[SUPPLIED INFORMATION]

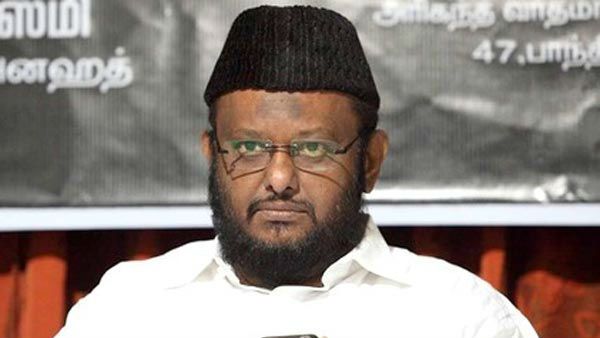 டெல்லியில் பாதுகாப்பு துறையில் பணியாற்றிய பெண் பலாத்காரம் செய்து கொலை- மனிதநேய மக்கள் கட்சி கண்டனம்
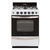 Whirlpool Cocina A Gas 56cm Blanca WFB57DI - comprar online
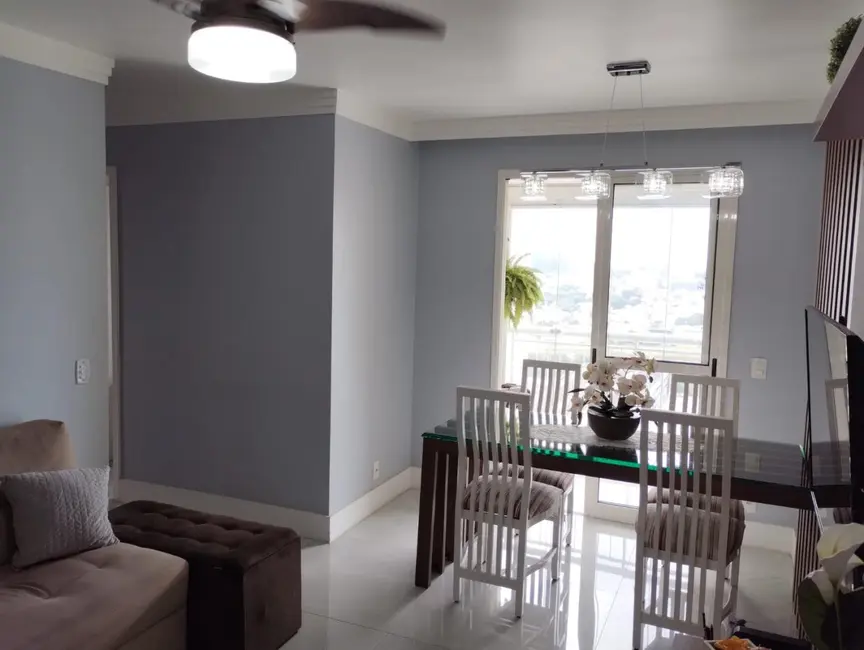 Apartamento com 3 quartos à venda, 65m2 em Piraporinha, Diadema - SP - imagem 3 Foto 3 de Apartamento com 3 quartos à venda, 65m2 em Piraporinha, Diadema - SP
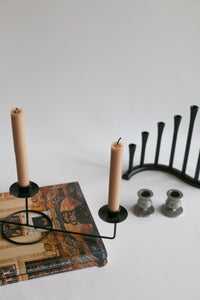 Metal Candelabra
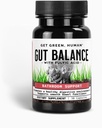 Gut Balance Kapseln mit Fulvic Säure – unterstützt Verdauungs-Gesundheit, Nährstoffaufnahme und Gut Harmony – Natürliche Formel mit Birke Chaga und Pine Bark Extrakt – 60 Kapseln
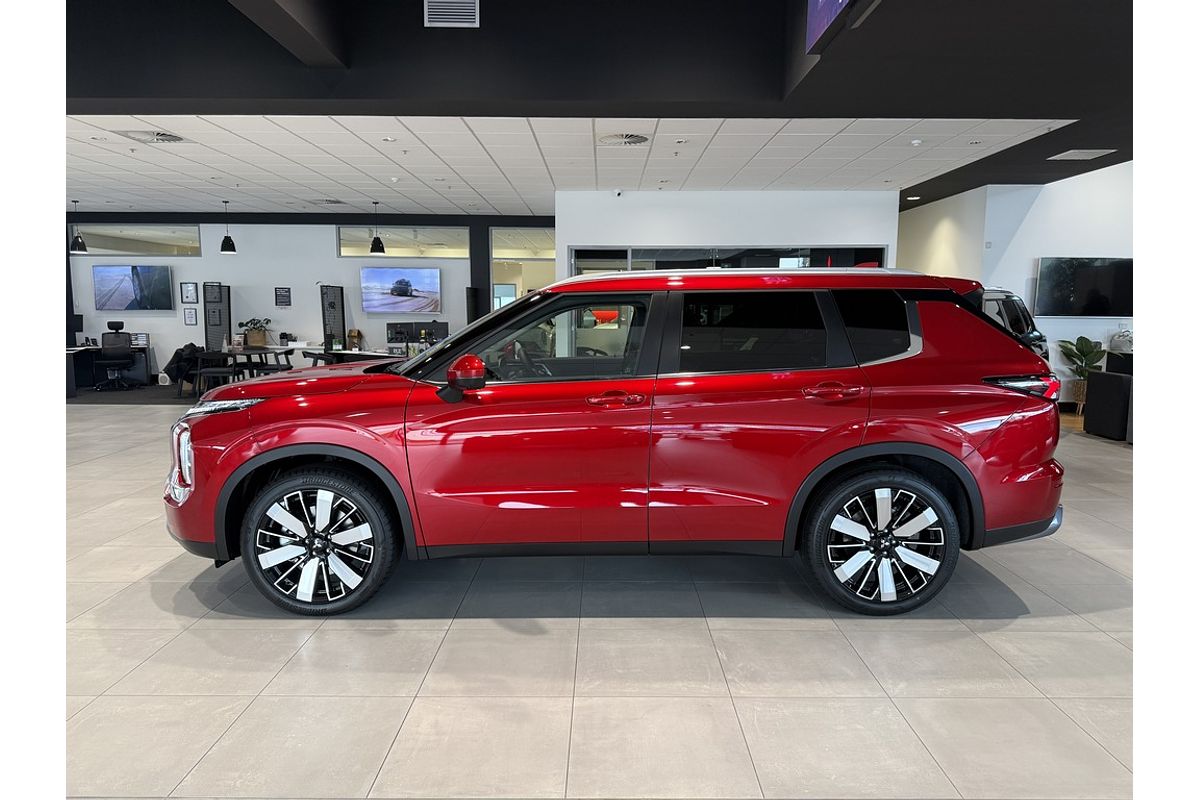 2025 Mitsubishi ZM Outlander ASPIRE 2.5L CVT AWD 7ST 2025 Mitsubishi ZM Outlander ASPIRE 2.5L CVT AWD 7ST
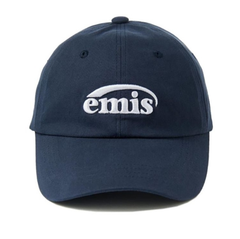 emis(エミス) キャップ NEW LOGO BALL CAP 正規品 送料無料 韓国 キャップ 帽子 韓国ファッション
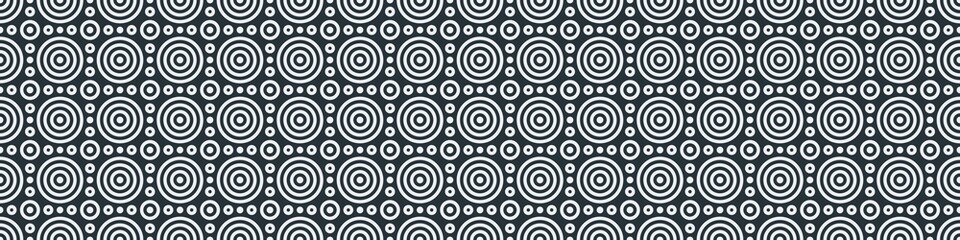 Truchet Motif Pattern Generative Tile Art background illustration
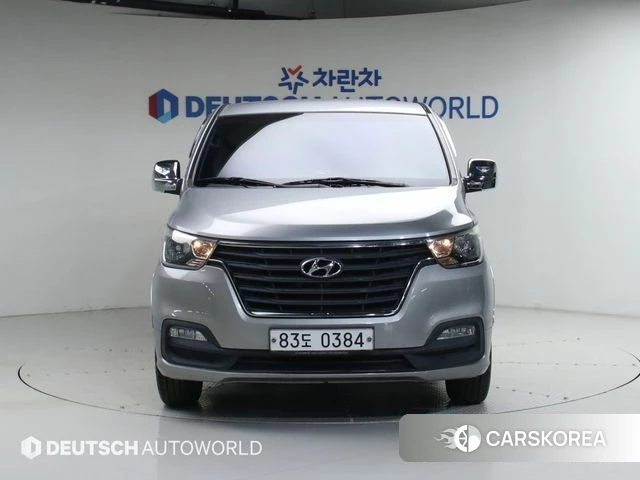 Hyundai The New Grand Starex id 3893993 из Кореи 13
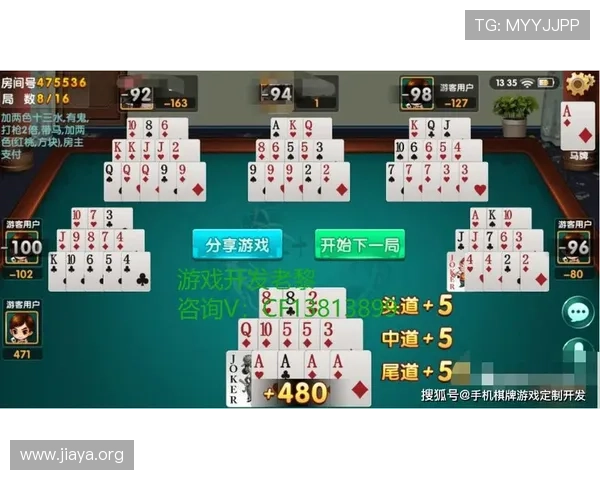 十三水技巧大全帮助新手快速入门掌握核心玩法和策略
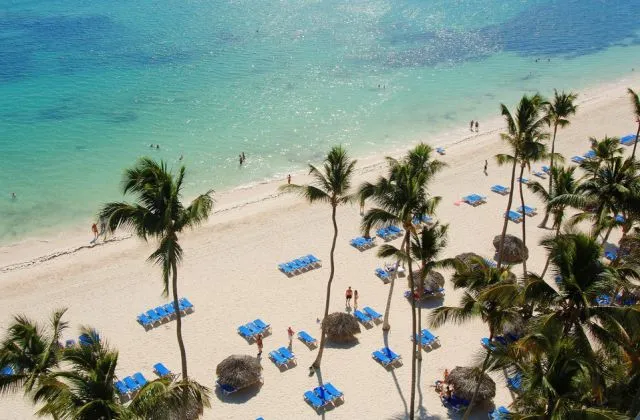 Plage Hotel All Inclusive Melia Caribe Tropical Spa Punta Cana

[/SUPPLIED INFORMATION]

Beginning with the first line of the records, write out every line up to and including the one with "Gut Balance Kapseln", exactly, and omit all pictures.

 டெல்லியில் பாதுகாப்பு துறையில் பணியாற்றிய பெண் பலாத்காரம் செய்து கொலை- மனிதநேய மக்கள் கட்சி கண்டனம்
 Whirlpool Cocina A Gas 56cm Blanca WFB57DI - comprar online
 Apartamento com 3 quartos à venda, 65m2 em Piraporinha, Diadema - SP - imagem 3 Foto 3 de Apartamento com 3 quartos à venda, 65m2 em Piraporinha, Diadema - SP
 Metal Candelabra
 Gut Balance Kapseln mit Fulvic Säure – unterstützt Verdauungs-Gesundheit, Nährstoffaufnahme und Gut Harmony – Natürliche Formel mit Birke Chaga und Pine Bark Extrakt – 60 Kapseln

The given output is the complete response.